View Full Version : Anyone know how to use a Premiere Fiber Print Dryer?????

21-Feb-2013, 08:48
Hello all:

I'm a photography student in college, and I would like to start printing on fiber paper. We have a very old dark room with lots of old gear to use. Problem is, we lost our instructor last semester, and the new one does not know how to use the print dryer.

It is a Premiere B-2, a 20" wide stainless cylinder about 10" in diameter with a cloth that rolls around it.

Stacked by it, is a stack of 16x20 paper that evidently goes with it. It is glossy on one side, and flat on the other side.

We have tried several times to use the machine, but the fiber prints never come out right.

Does anyone know how to use this machine? If so, we would highly appreciate a simple set of instructions for both glossy paper, and luster paper.

Thanks for looking....

Richard Hollingsworth

PS: We also have a flattening press to use with it. Do you also know how to use the press? Do you need paper blotters with it, or do you just put the print in and press it? How long?

Thanks again.....

Jon Shiu
21-Feb-2013, 10:37
Hi, I would suggest just squeegeeing the prints and air drying them on screens (like window screens). A print dryer is difficult to use because if the glossy print surface is toward the drum it may stick or melt. If toward the cloth, it may get dust or chems imbedded in the surface.

To flatten with a press, let the press heat up with 2 pieces of 4 ply mat board inside. Try 200 degrees F. After it's hot, open the press to let some of the moisture out of the boards, then close it again to heat up. To flatten, put your print in between the mat boards and press for 30 seconds. Take the print out and quickly place under a flattening plate/board until it cools down.


21-Feb-2013, 10:52
That device is supposed to heat up, and adjust the heat by a rheostat.
Do not use it with resin coated medium.
I used it only for paper.

If you do use it, do not try to put the emulsion side down. Use emulsion side toward the apron. It is useful for quick drying of non-critical prints into a matte-like finish.

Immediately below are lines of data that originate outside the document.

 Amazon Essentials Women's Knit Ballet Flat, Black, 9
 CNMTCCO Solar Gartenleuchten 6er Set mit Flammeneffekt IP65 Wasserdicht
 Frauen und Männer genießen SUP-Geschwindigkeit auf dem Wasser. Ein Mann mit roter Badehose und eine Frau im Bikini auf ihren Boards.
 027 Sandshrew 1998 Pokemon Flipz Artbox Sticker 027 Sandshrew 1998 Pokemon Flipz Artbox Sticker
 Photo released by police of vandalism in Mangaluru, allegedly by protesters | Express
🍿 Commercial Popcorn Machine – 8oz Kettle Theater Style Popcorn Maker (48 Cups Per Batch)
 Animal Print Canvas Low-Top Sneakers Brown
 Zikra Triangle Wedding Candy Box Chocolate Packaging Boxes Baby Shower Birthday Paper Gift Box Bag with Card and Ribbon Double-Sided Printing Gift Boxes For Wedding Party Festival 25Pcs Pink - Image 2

Go for Jon's good advice. It is safer and works better. I defer to his judgement concerning proper temperature of the flattening press.

Ed Bray
21-Feb-2013, 11:03
We used one at college years ago, it is for Fibre Based paper only, you add a small amount of photoflo to an after wash bath, soak the print, dry emulsion side down for satin type finish, dry emulsion side up for 'super glossy prints'. If I remember correctly the best results came from the thinner lighter based papers. It takes a little adjusting to get fully repeatable results but once set up correctly is a joy to use.

Mark MacKenzie
21-Feb-2013, 16:18
Fiber based only. The shiny drum will impart a high high gloss on the print. Its called ferroplate, I think. The gloss is reminiscent of 8x10 glossy promo pics you used to see. The metal surface has to be immaculate. You'd be surprised high quickly it will dry a fiber print, as in minutes. When the photograph is done it will pop off the surface by itself. Don't try to pry it off or lift it. The apron is used to hold the photo next to the heater. If you don't want the gloss, you can dry the print with the image away from the shiny metal. In this case, the apron has to be free of dust debris threads etc or they will stick to the picture. There are also warnings of fixer getting into the apron so you want to make sure your prints are clean and hypo free.

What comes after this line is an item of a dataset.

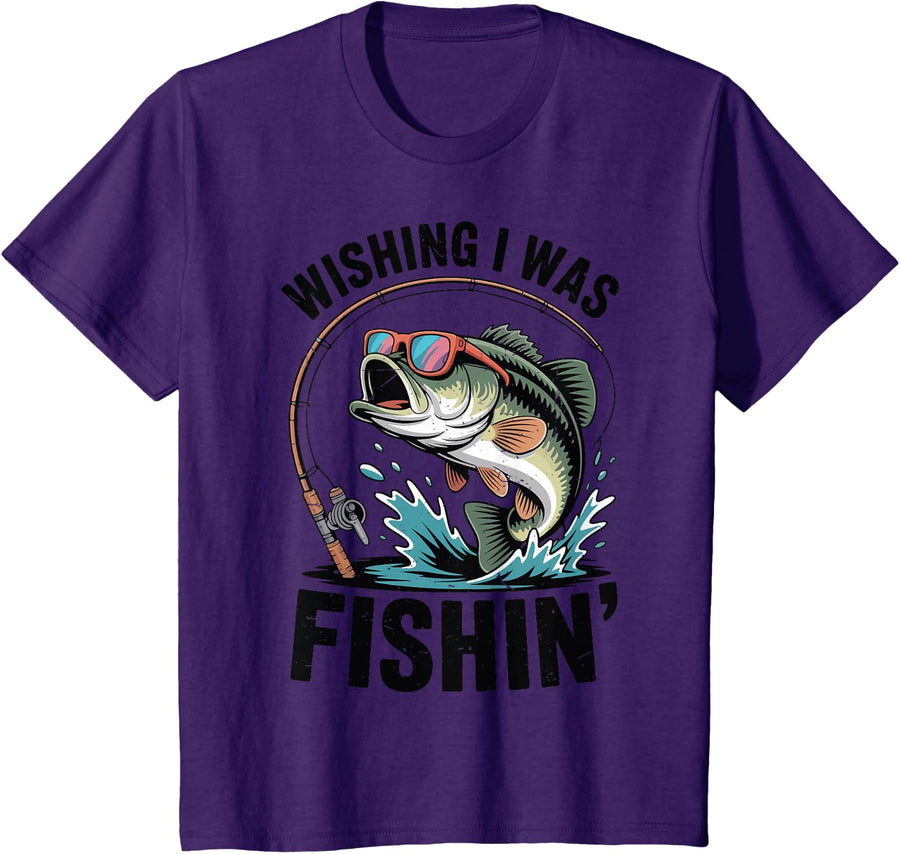 Youth Wishing I was Fishing-Shirt Boys Bass Fish Cute Funny T-Shirt - Purple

I like the high gloss. It is much glossier than any manufacturers' gloss. Looks like glass. But if there were air bubbles or any scratches or contamination on the plate, it will show up. Sometimes the surface has marks on it called oystering which when you see it you will know why its called that.

I think the press is a dry mount press for mounting with tissue after drying.

Totally speeds drying but will give just a bit of curl to the paper. Best luck!

Gem Singer
21-Feb-2013, 16:23
Google "ferrotype".

Used to be used for drying glossy surface silver gelatin papers.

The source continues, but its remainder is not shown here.